** RECORDS TO PROCESS follows **

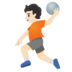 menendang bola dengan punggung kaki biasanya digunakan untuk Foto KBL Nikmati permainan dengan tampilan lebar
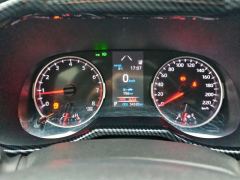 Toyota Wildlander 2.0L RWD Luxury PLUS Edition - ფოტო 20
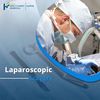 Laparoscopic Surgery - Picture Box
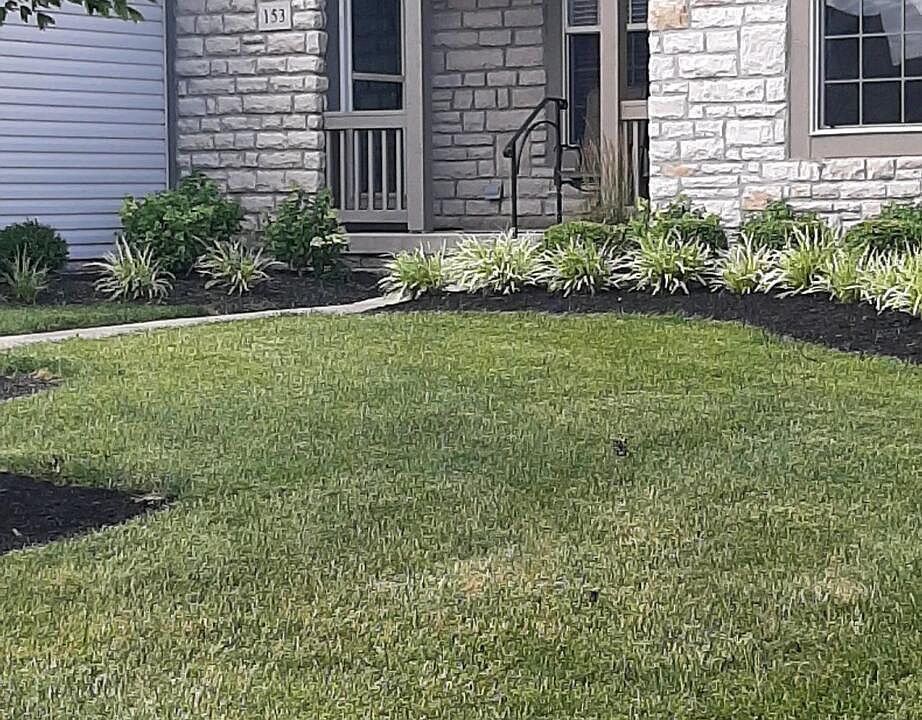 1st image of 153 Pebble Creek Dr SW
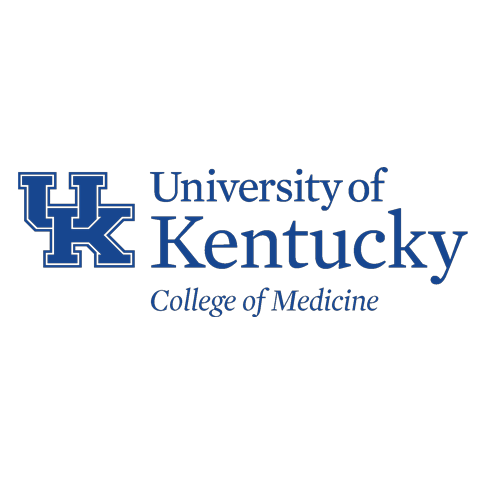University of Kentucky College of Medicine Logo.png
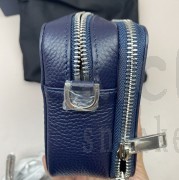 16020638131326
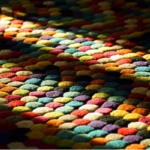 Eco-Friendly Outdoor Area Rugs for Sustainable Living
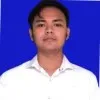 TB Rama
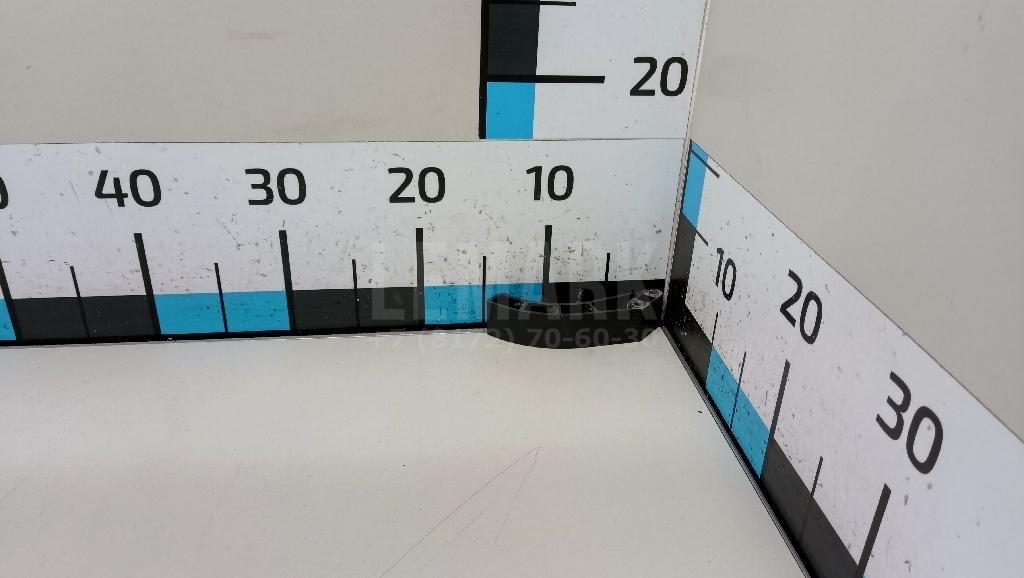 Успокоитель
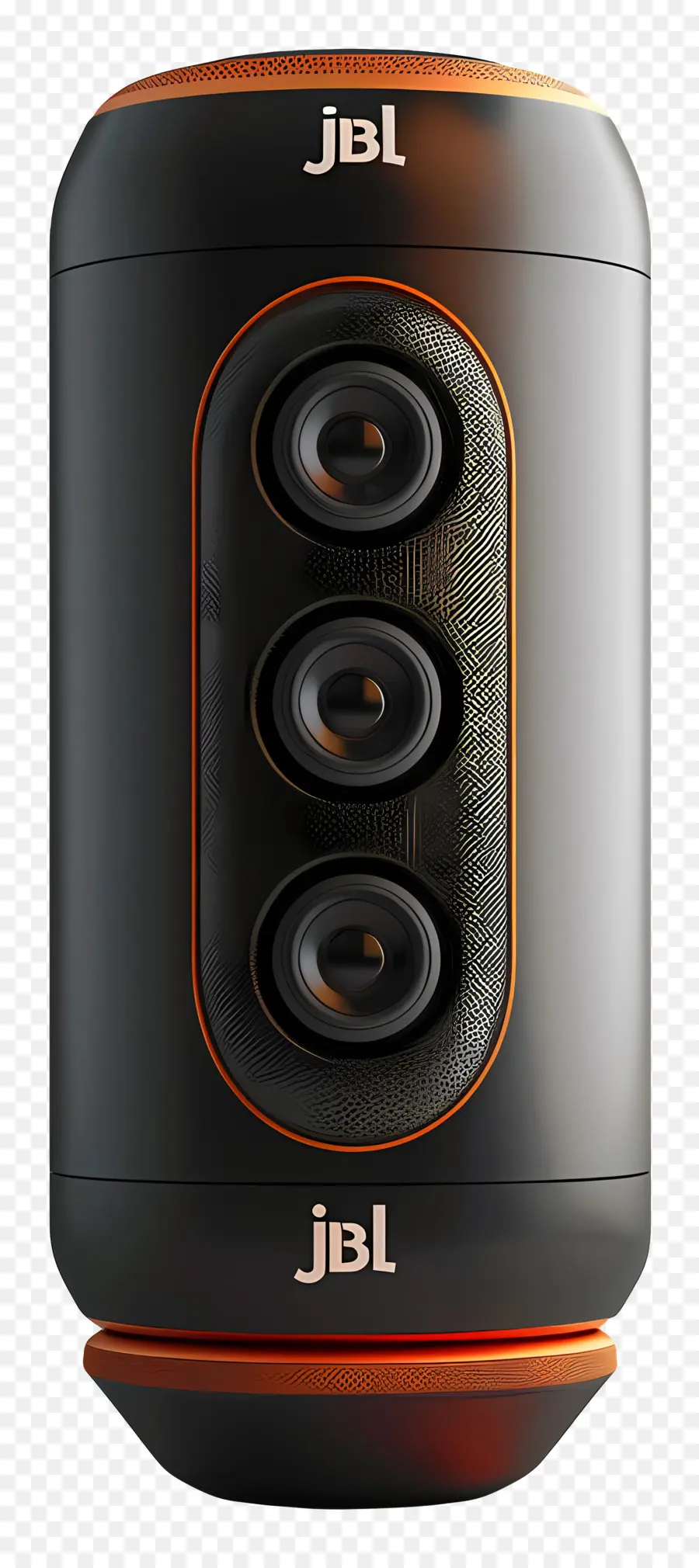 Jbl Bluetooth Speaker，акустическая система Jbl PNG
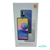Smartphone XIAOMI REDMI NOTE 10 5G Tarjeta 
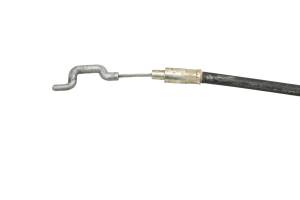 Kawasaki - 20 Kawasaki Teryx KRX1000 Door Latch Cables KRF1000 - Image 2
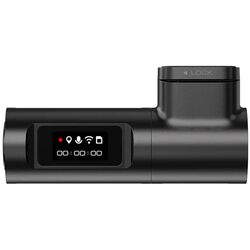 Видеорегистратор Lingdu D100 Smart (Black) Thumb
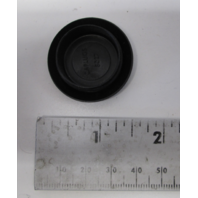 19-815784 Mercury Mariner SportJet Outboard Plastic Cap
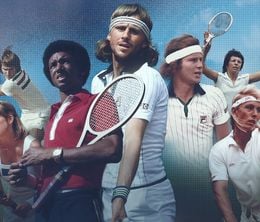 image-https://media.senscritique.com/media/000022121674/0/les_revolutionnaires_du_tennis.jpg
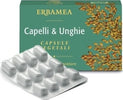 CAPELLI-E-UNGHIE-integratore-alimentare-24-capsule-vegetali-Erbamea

** End of RECORDS TO PROCESS **
** RECORDS TO PROCESS follows **

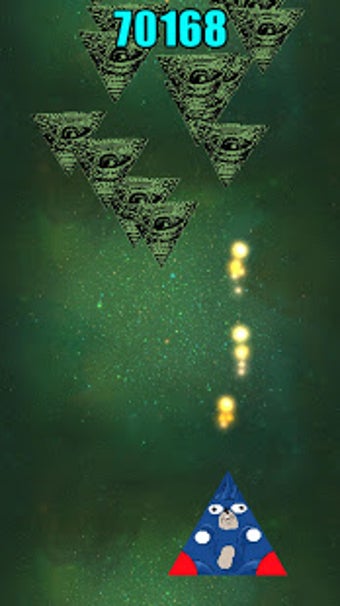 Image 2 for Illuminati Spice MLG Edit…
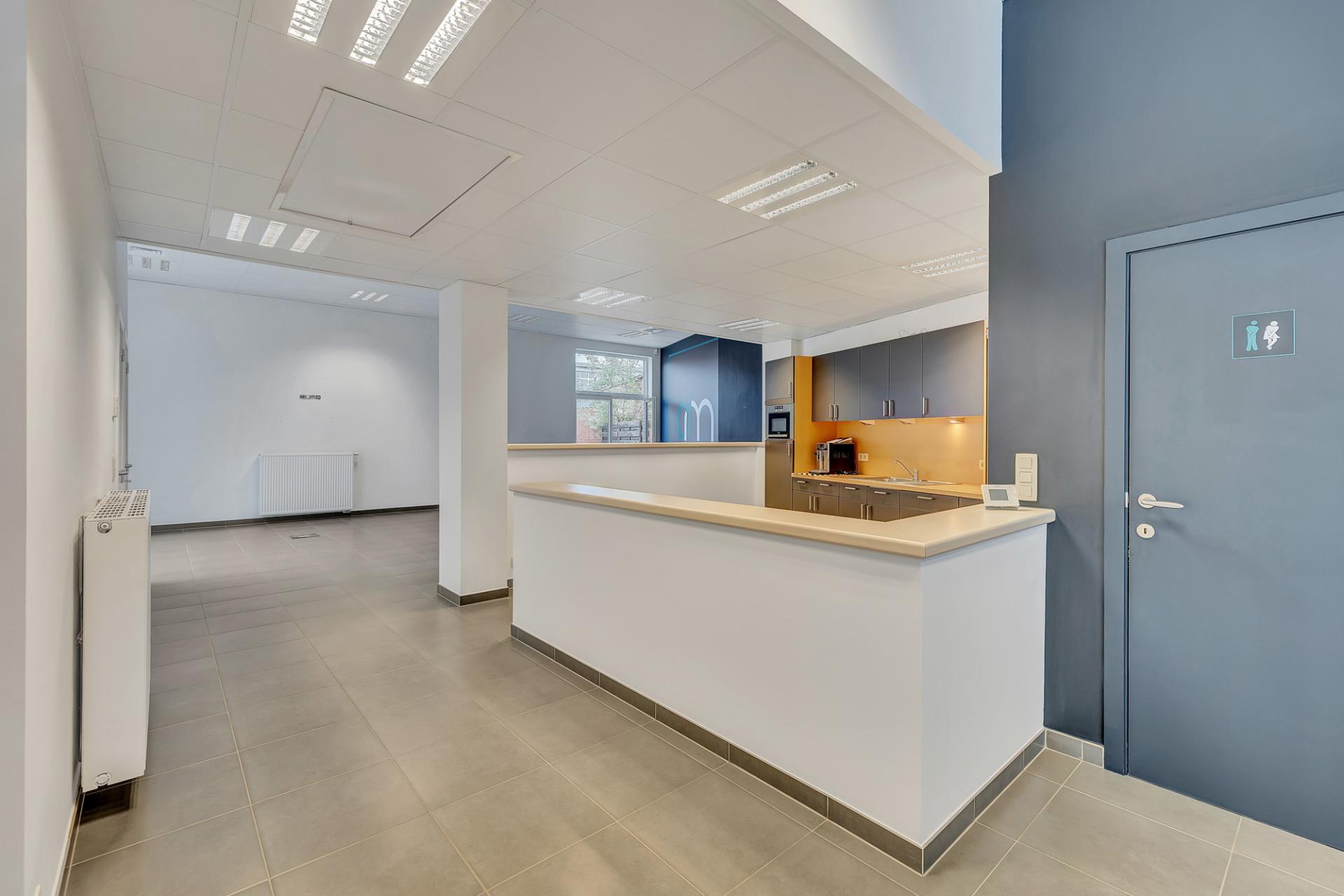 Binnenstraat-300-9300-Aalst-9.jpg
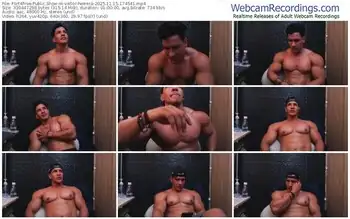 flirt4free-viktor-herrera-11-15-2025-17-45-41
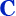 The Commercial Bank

** End of RECORDS TO PROCESS **
** RECORDS TO PROCESS follows **

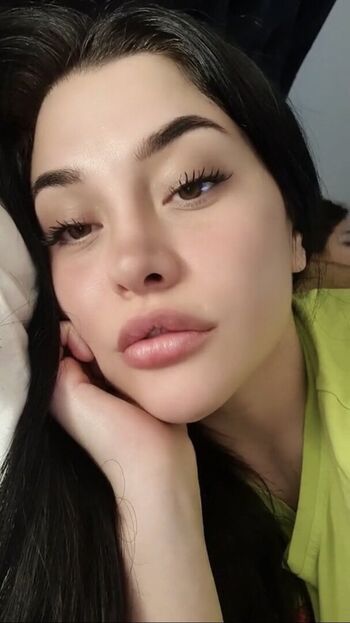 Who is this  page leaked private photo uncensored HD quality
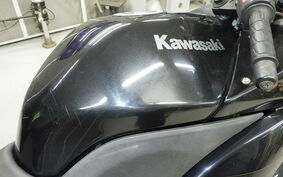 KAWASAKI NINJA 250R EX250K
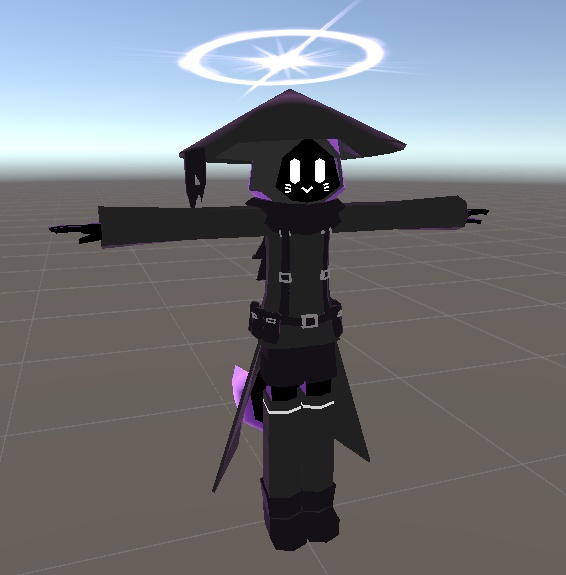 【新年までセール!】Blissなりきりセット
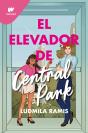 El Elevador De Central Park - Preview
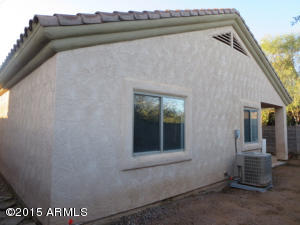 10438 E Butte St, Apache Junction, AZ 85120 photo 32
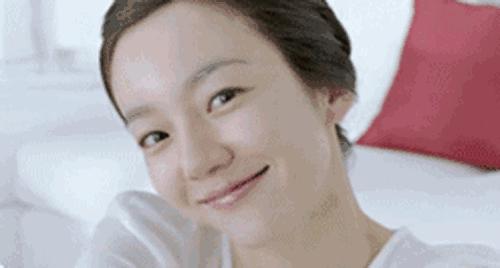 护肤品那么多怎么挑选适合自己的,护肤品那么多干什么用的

** End of RECORDS TO PROCESS **

-- EXERCISE DIRECTIONS --
Copy word for word the lines above, starting at the line containing "KAWASAKI NINJA 250R EX250K" and ending at the line containing "护肤品那么多怎么挑选适合自己的,护肤品那么多干什么用的", inclusive, with no pictures.

-- EXERCISE OUTPUT --
 KAWASAKI NINJA 250R EX250K
 【新年までセール!】Blissなりきりセット
 El Elevador De Central Park - Preview
 10438 E Butte St, Apache Junction, AZ 85120 photo 32
 护肤品那么多怎么挑选适合自己的,护肤品那么多干什么用的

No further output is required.